5

I'm working on the multithreading implementation of a library. In one module of this library there are some global variables (very often used in the program execution). In order to make the access to those variables more safe, I declared them using the Thread-local storage (TLS) keyword __declspec(thread).

Here is the call to the library external function. This function uses the module with the global variables:

for(i = 0; i<n_cores; i++)
    hth[i] = (HANDLE)_beginthread((void(*)(void*))MT_Interface_DimenMultiCells,0,(void*)&inputSet[i]);

In this way I guess all the variables used in the library will be duplicated for each thread.

When I run the program on a x8 cores processor, the time required to complete the operation doesn't go further than 1/3 the time needed for the single process implementation.

I know that it is impossible to reach 1/8 of the time, but i thought that at least 1/6 was reachable.

The question is: are those __declspec(thread) variables the cause of so bad performances?

Adrian Mole
  • 49,934
  • 160
  • 51
  • 83
Beppe
  • 381
  • 2
  • 7
  • 15
  • Are you still on StackOverflow? If so, perhaps you could let us know what your conclusion was: Did you measure the performance with and without thread local variables? Is so, what difference did it make? Or did something else solve the problem? – PJTraill May 22 '15 at 12:27

2 Answers2

6

If you declare them as __declspec(thread) where they were previously global, then you have changed the meaning of the program, as well as its performance characteristics.

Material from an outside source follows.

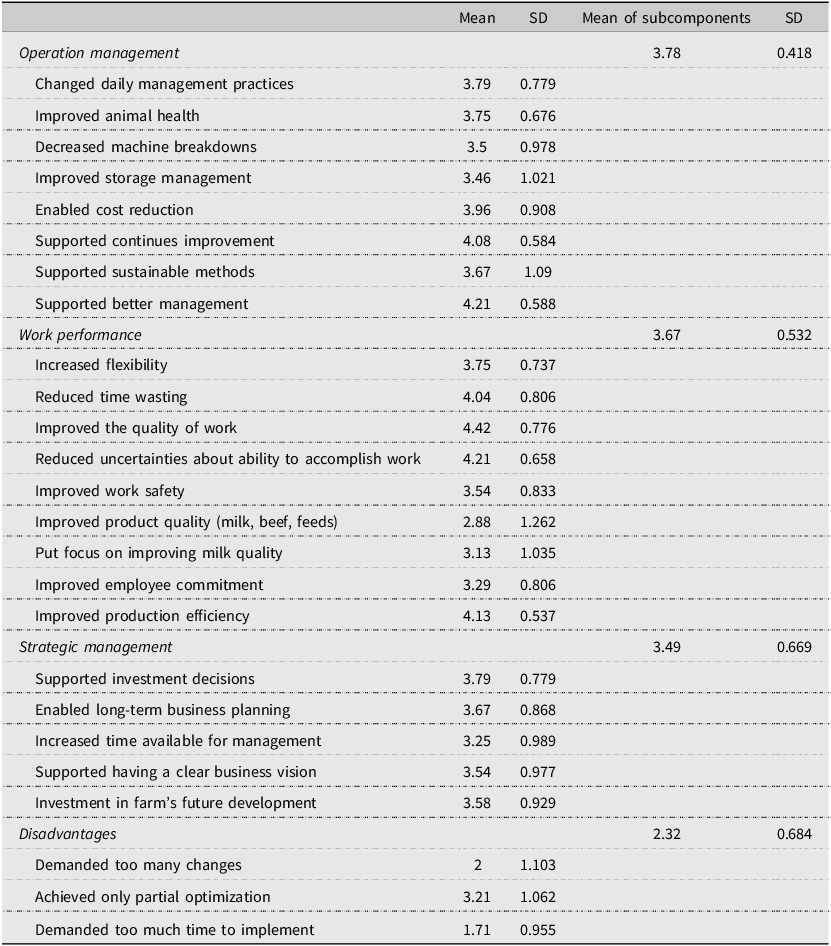 A table showing Lean users’ assessment of the effects of Lean adoption on strategic management, work performance, and operation management.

When the variable was a global there was a single copy that each thread referred to. As a thread local, each separate thread has its own variable and changes to that thread local variable are only visible in that thread.

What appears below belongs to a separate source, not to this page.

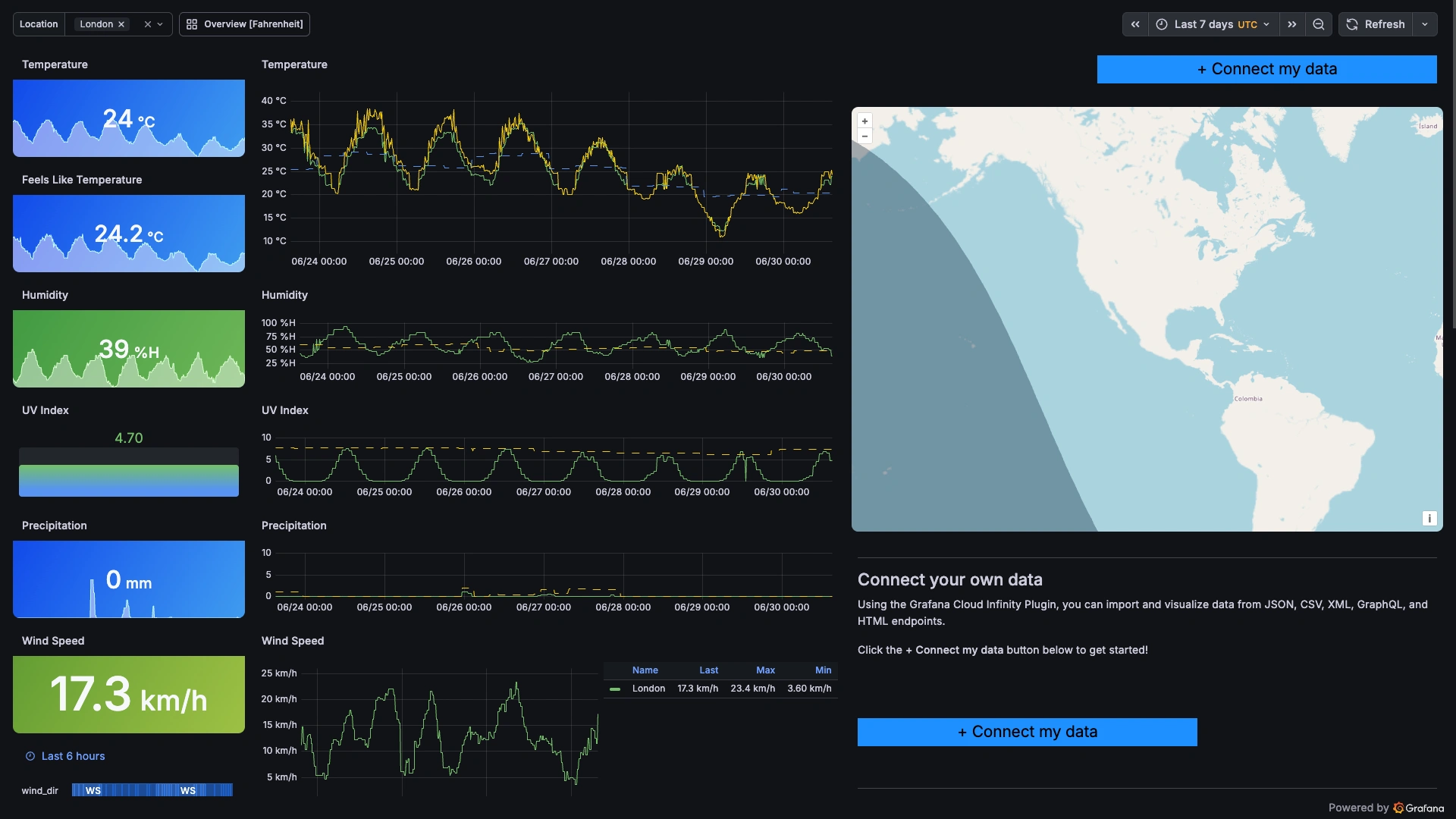 Grafana Dashboard Landscape screenshot 1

Assuming that you really want thread local then it is true that reading and writing thread local variables is more expensive than normal variables. Whenever you are faced with an operation that takes a long time to perform, the best solution is to stop doing it at all. In this case there are two obvious ways to do so:

  1. Pass the variable around as a parameter so that it resides on the stack. Accessing stack variables is quick.
  2. If you have functions that read and write this variable a lot, then take a copy of it at the start of the function (into a local variable), work on that local variable, and then on return, write it back to the thread local.

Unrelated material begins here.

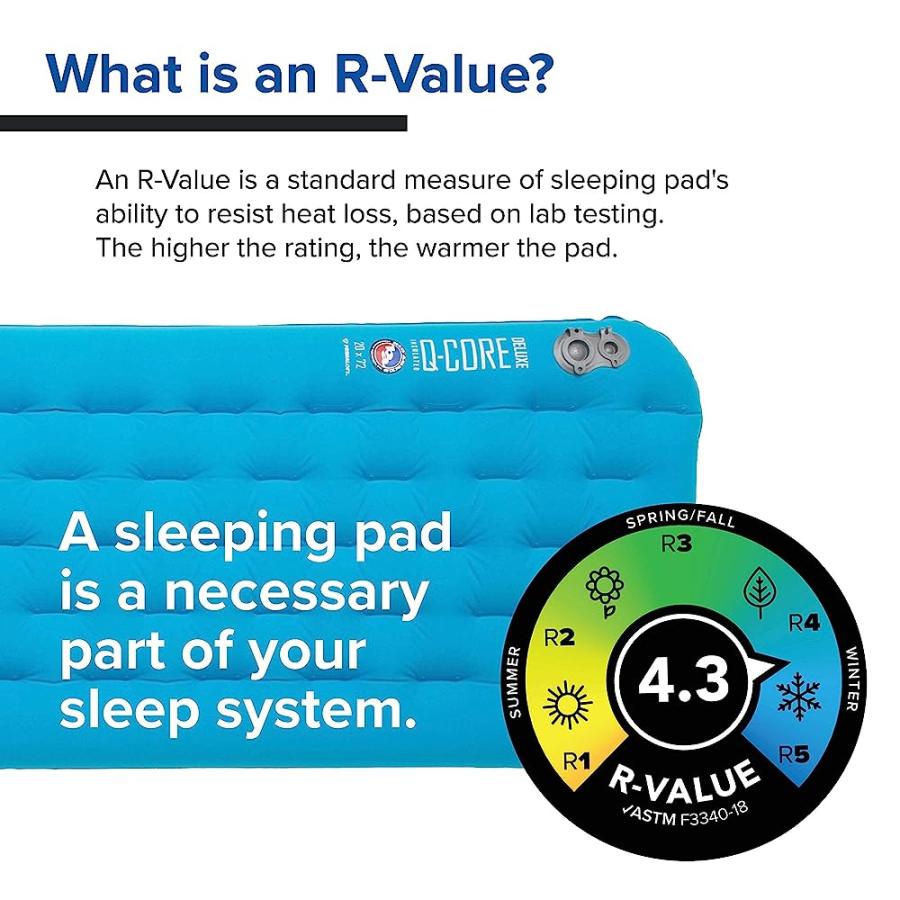 BIG AGNES INSULATED Q-CORE DELUXE SLEEPING PAD, 20X72 (REGULAR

Of these options the former is usually to be preferred. Option 2 has the big weakness that it can't easily be applied if the function calls another function that uses this variable.

Option 1 basically amounts to not using global variables (thread locals are a form of global).

This all may be completely wide of the mark of course, because you have said so little about what your code is actually doing. If you want to solve a performance problem, you first have to identify where it is, and that means you need to measure.

David Heffernan
  • 601,492
  • 42
  • 1,072
  • 1,490
  • Thank you, I'm now pretty sure that the problem resides in the thread local variabile access time. I should try to implement the solution "1" and then test again the performances. – Beppe Feb 22 '11 at 11:19
5

And the answer is: you need to profile the application, and measure where the most time is being spent. If it turns out to be in functions that often reference the TLS data, then "maybe" could be the answer.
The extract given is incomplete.